Task brief: Output, exactly as written, the lines below starting at the line containing "Áo Khoác Blouse" and ending at the line containing "MinMax Outdoors 8k". Drop the pictures and keep both end lines.

Data records:
^^^^^^^^^^^^^^^^

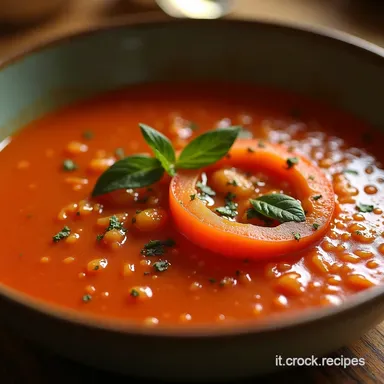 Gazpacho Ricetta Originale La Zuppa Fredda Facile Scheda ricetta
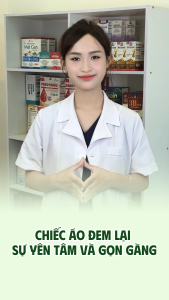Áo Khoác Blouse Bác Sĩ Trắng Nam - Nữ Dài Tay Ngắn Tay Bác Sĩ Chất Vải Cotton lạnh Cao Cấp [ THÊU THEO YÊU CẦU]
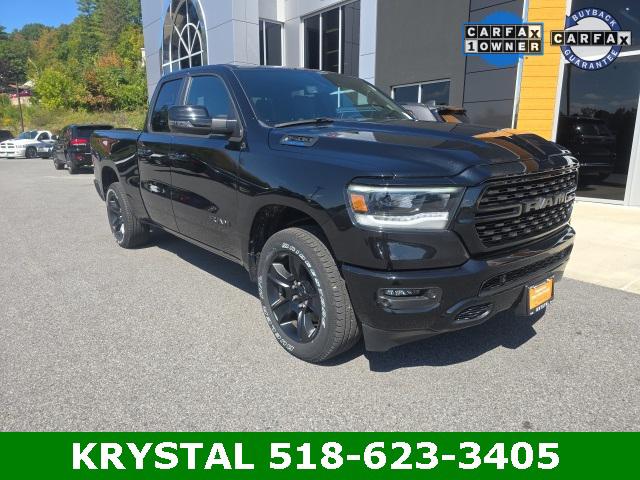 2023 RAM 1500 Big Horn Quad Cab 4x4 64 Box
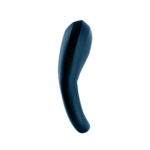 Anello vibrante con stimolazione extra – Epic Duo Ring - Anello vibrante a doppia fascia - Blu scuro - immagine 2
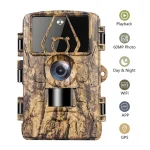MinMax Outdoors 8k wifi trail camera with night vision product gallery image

^^^^^^^^^^^^^^^^

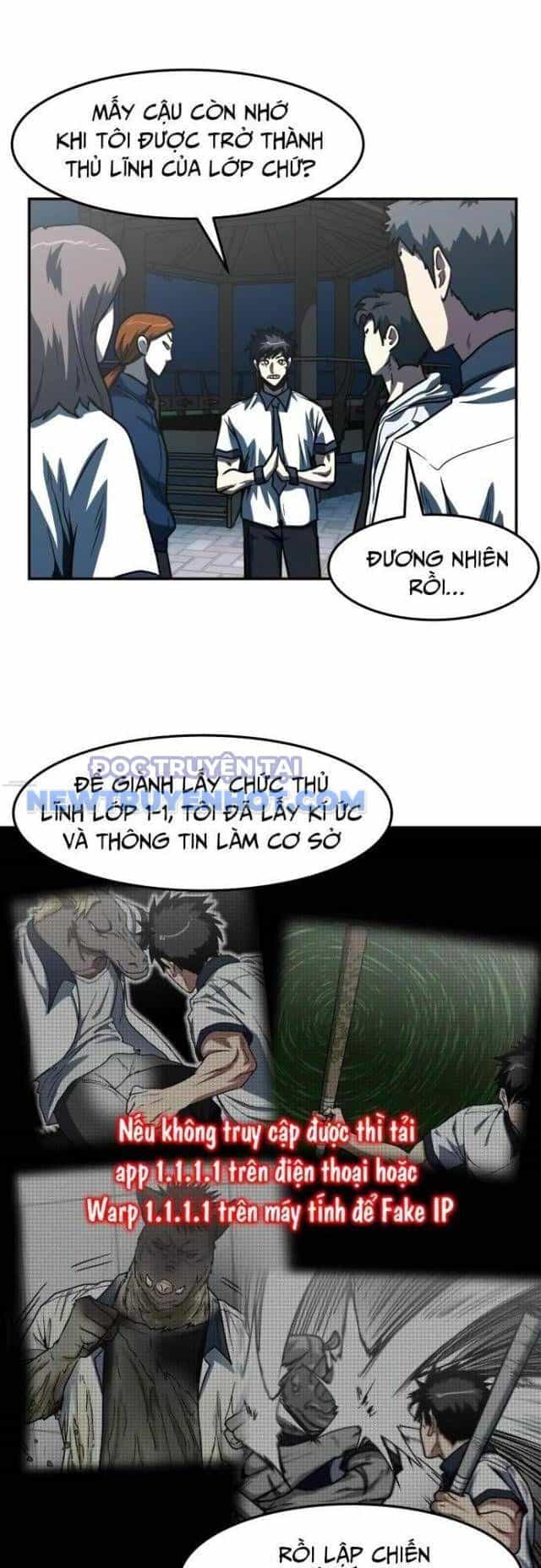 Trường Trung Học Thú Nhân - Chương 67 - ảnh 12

^^^^^^^^^^^^^^^^

Response to this task:
Áo Khoác Blouse Bác Sĩ Trắng Nam - Nữ Dài Tay Ngắn Tay Bác Sĩ Chất Vải Cotton lạnh Cao Cấp [ THÊU THEO YÊU CẦU]
 2023 RAM 1500 Big Horn Quad Cab 4x4 64 Box
 Anello vibrante con stimolazione extra – Epic Duo Ring - Anello vibrante a doppia fascia - Blu scuro - immagine 2
MinMax Outdoors 8k wifi trail camera with night vision product gallery image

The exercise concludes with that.